> _What to work on_
All lines below starting at the one that holds "China iQlQPQ HT2288" and ending at the one that holds "Tincture Benzoin Co." should be printed exactly, ends included. Pictures should not be printed, nor anything else.
Content starts
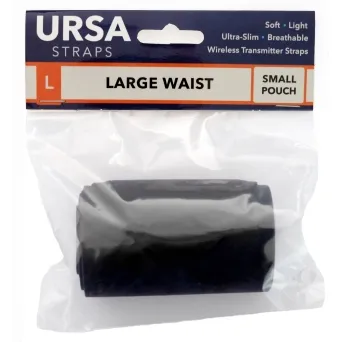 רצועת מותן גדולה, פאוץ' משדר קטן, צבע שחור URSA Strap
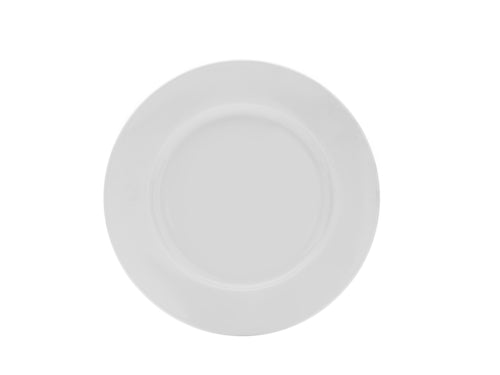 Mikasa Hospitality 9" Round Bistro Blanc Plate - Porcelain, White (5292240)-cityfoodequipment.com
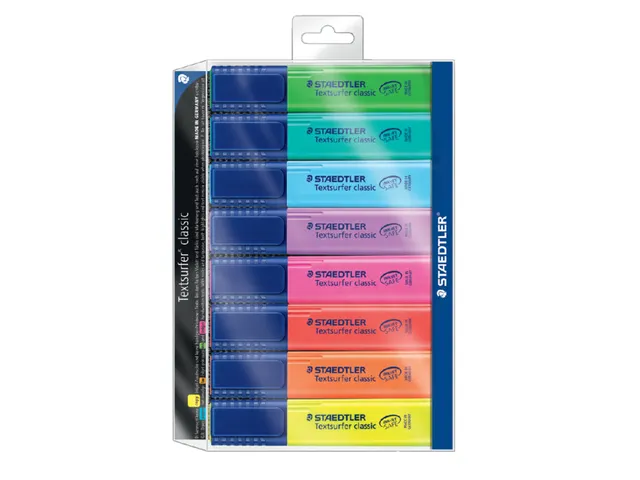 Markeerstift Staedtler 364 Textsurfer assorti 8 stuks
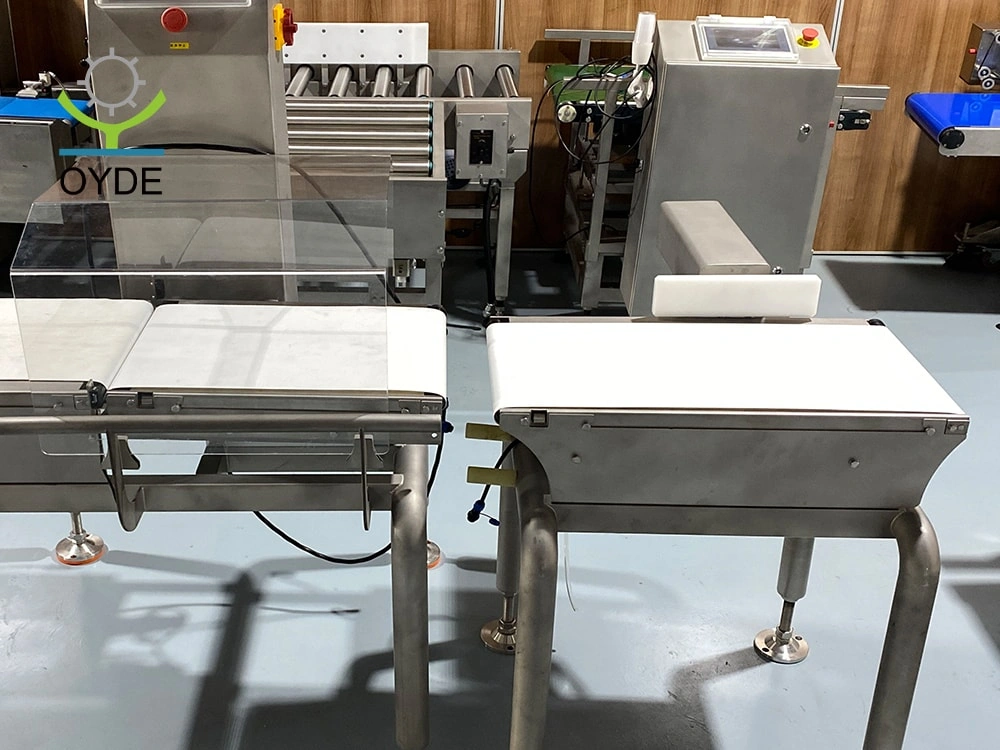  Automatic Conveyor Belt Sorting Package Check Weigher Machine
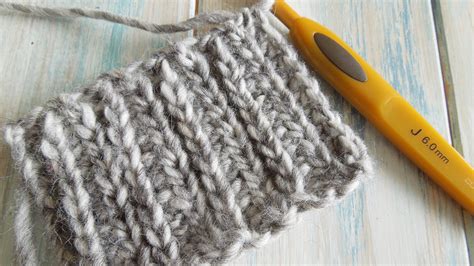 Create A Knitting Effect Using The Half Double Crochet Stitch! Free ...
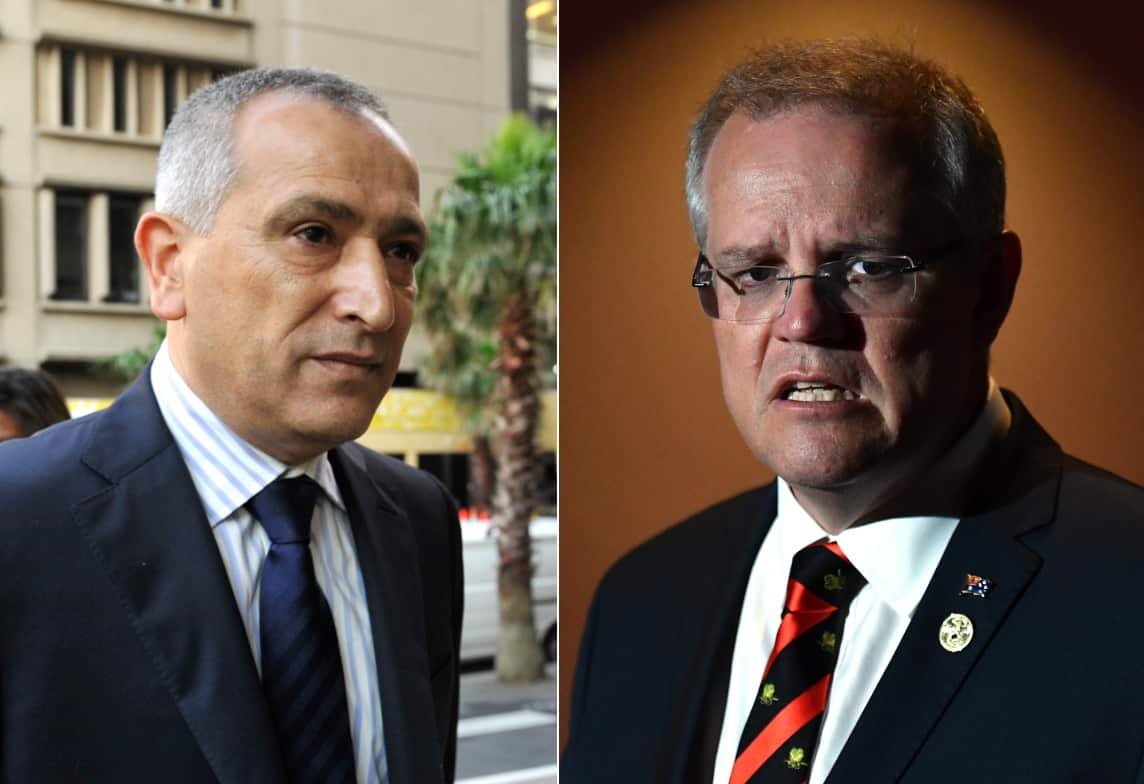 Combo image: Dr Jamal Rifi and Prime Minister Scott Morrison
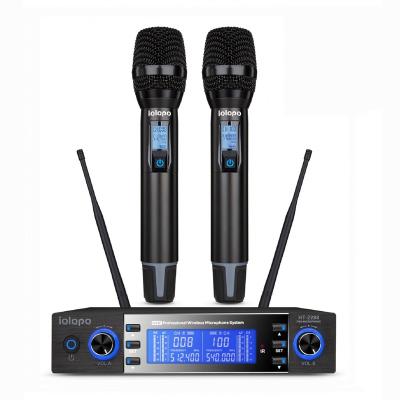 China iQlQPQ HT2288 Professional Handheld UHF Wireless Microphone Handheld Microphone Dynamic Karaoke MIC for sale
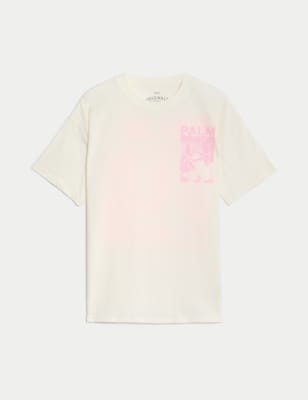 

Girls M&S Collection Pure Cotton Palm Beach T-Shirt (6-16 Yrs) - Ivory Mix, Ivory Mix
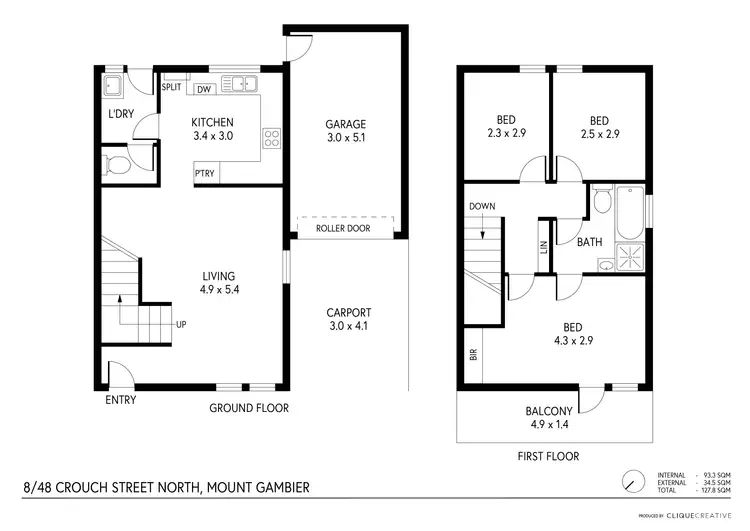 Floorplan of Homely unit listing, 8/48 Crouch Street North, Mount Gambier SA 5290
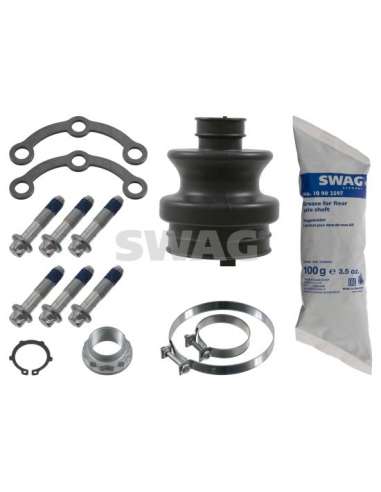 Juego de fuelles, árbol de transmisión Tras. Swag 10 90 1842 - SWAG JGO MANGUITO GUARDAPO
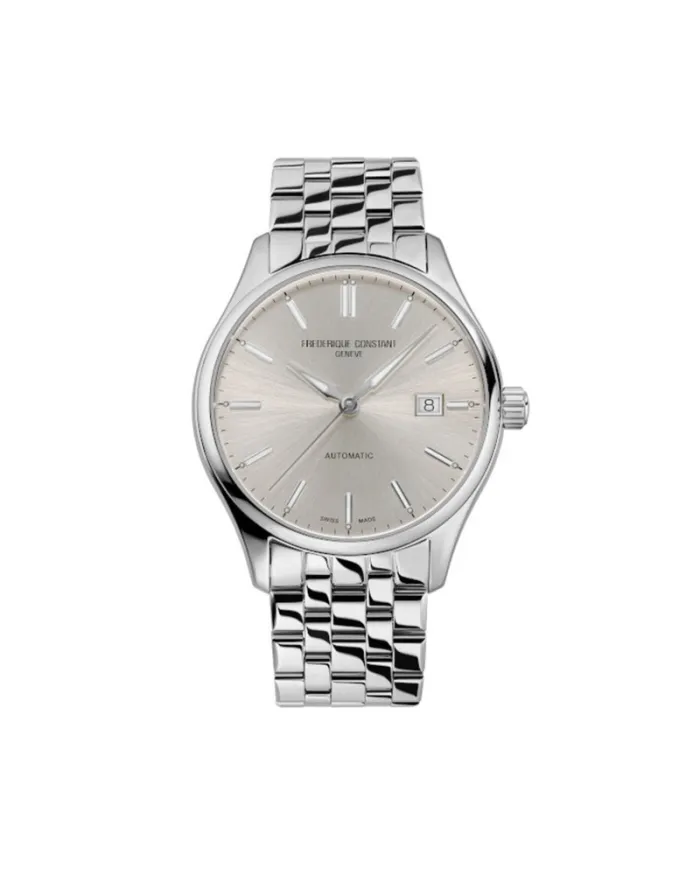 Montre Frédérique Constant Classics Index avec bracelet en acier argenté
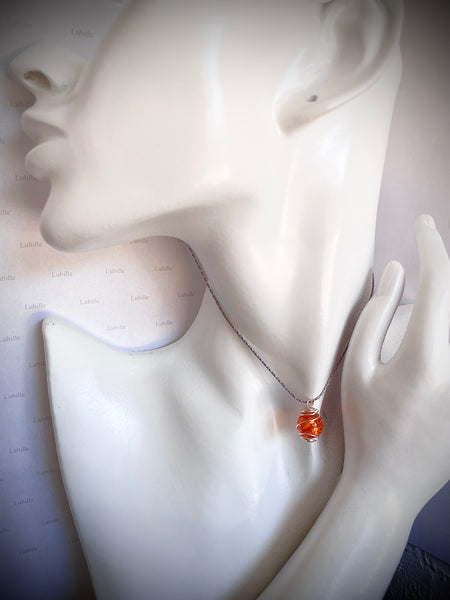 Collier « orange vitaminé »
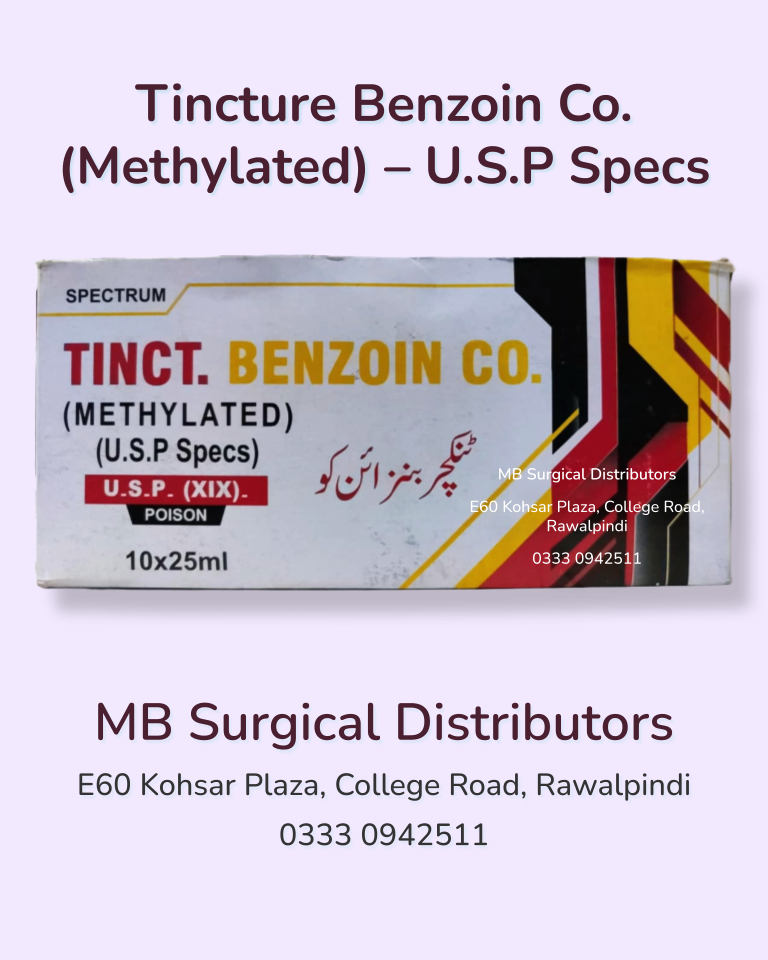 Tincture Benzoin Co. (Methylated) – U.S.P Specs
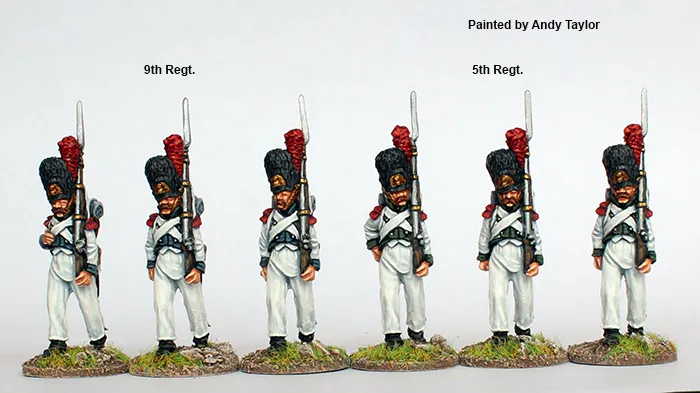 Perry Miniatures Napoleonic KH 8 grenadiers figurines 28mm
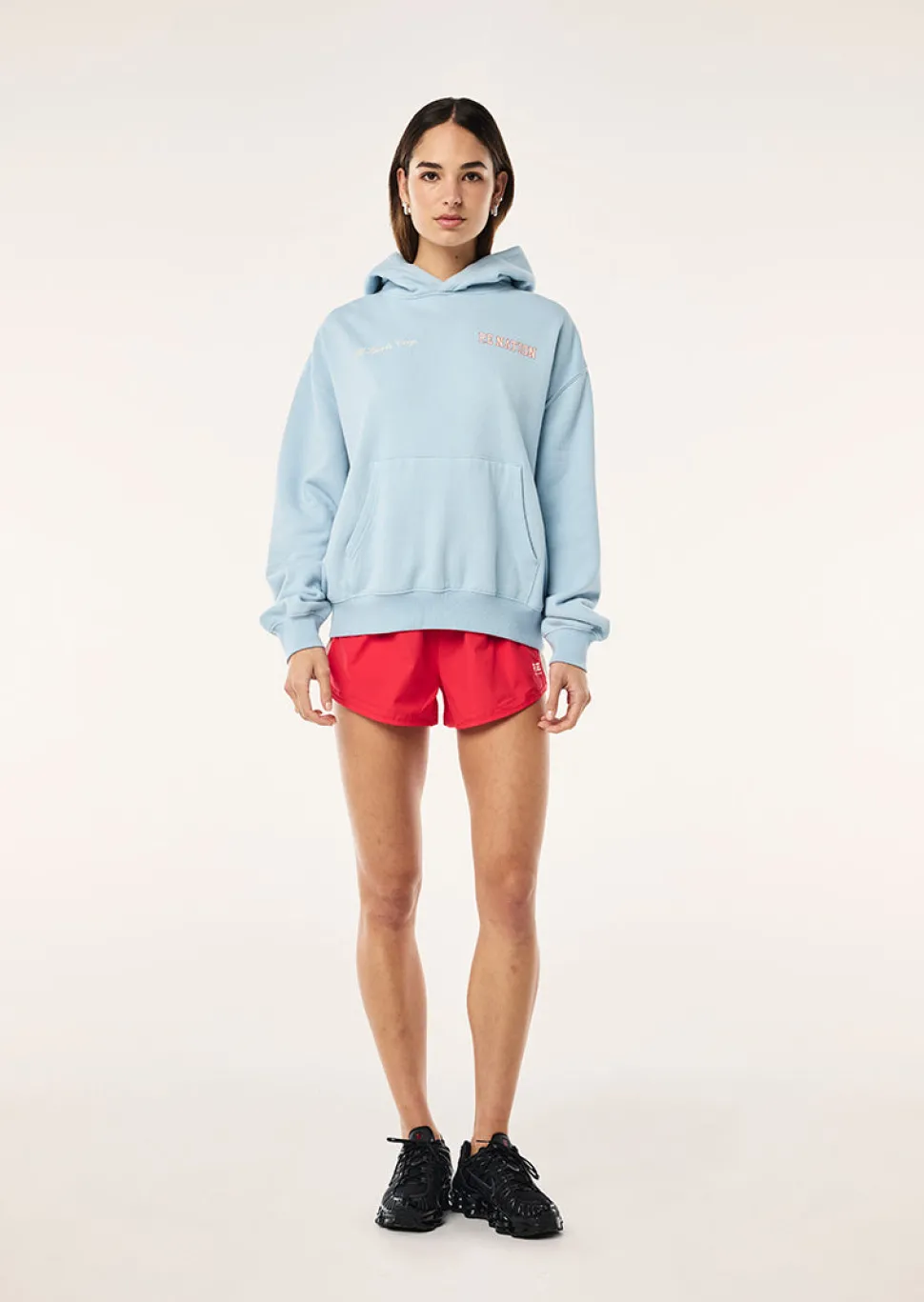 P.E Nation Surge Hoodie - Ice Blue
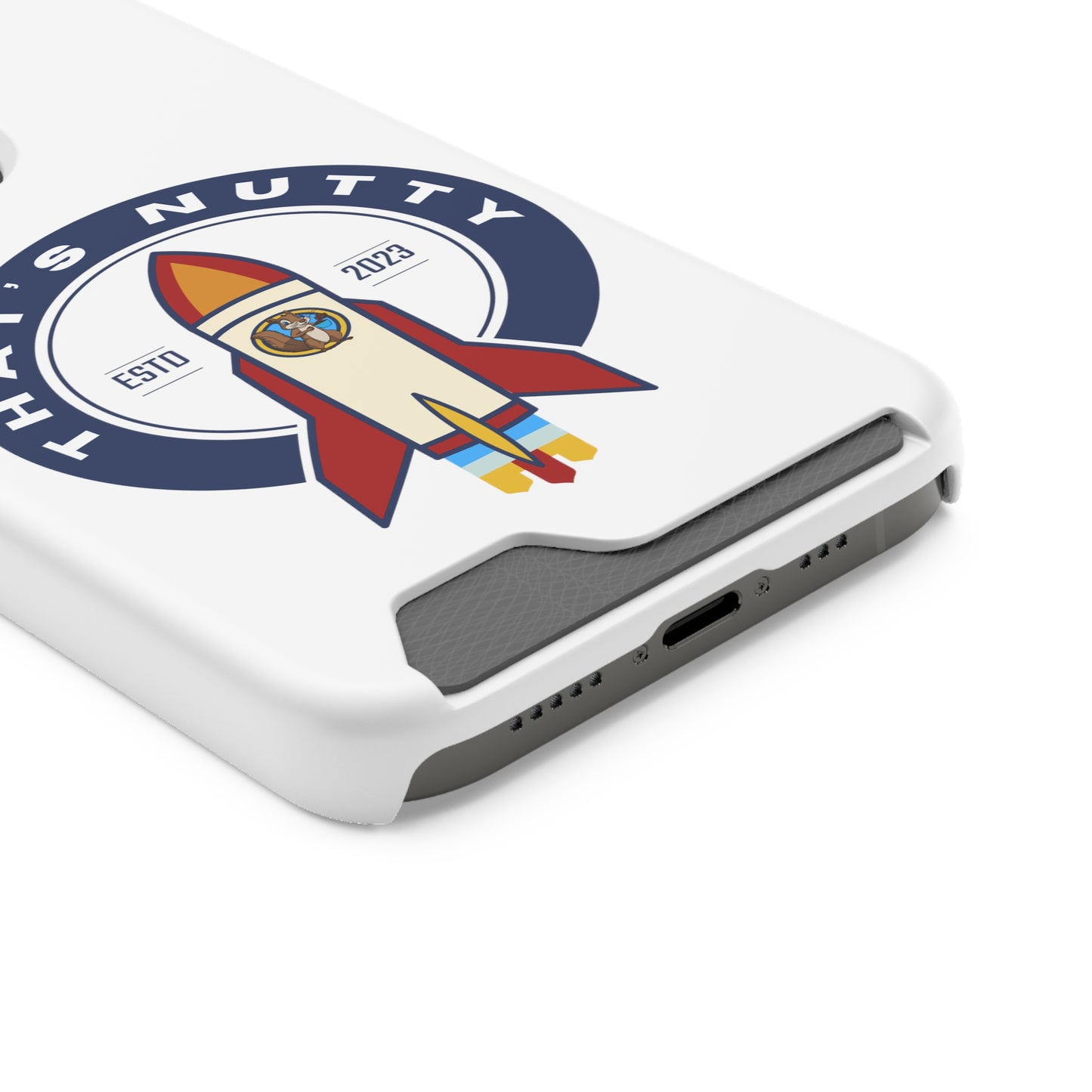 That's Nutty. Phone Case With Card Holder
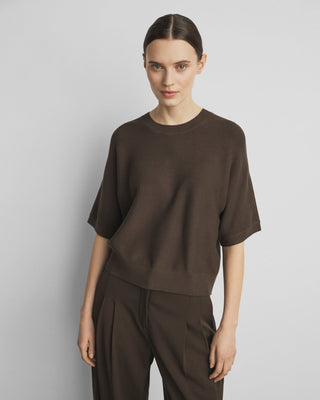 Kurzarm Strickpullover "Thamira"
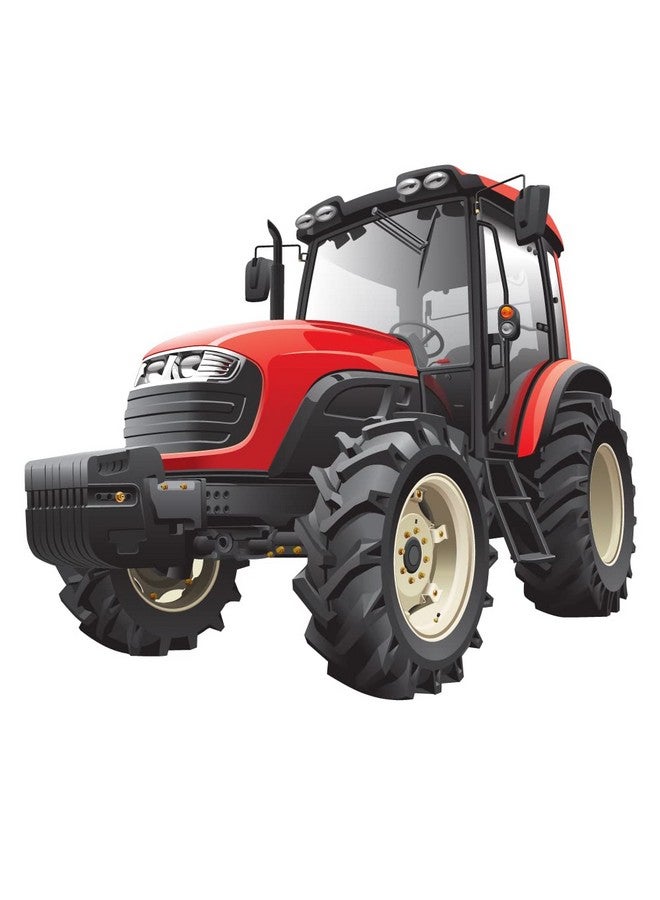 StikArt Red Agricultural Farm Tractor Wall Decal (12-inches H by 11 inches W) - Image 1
Content ends
> _Task answer_
 China iQlQPQ HT2288 Professional Handheld UHF Wireless Microphone Handheld Microphone Dynamic Karaoke MIC for sale

Girls M&S Collection Pure Cotton Palm Beach T-Shirt (6-16 Yrs) - Ivory Mix, Ivory Mix
 Floorplan of Homely unit listing, 8/48 Crouch Street North, Mount Gambier SA 5290
 Juego de fuelles, árbol de transmisión Tras. Swag 10 90 1842 - SWAG JGO MANGUITO GUARDAPO
 Montre Frédérique Constant Classics Index avec bracelet en acier argenté
 Collier « orange vitaminé »
 Tincture Benzoin Co. (Methylated) – U.S.P Specs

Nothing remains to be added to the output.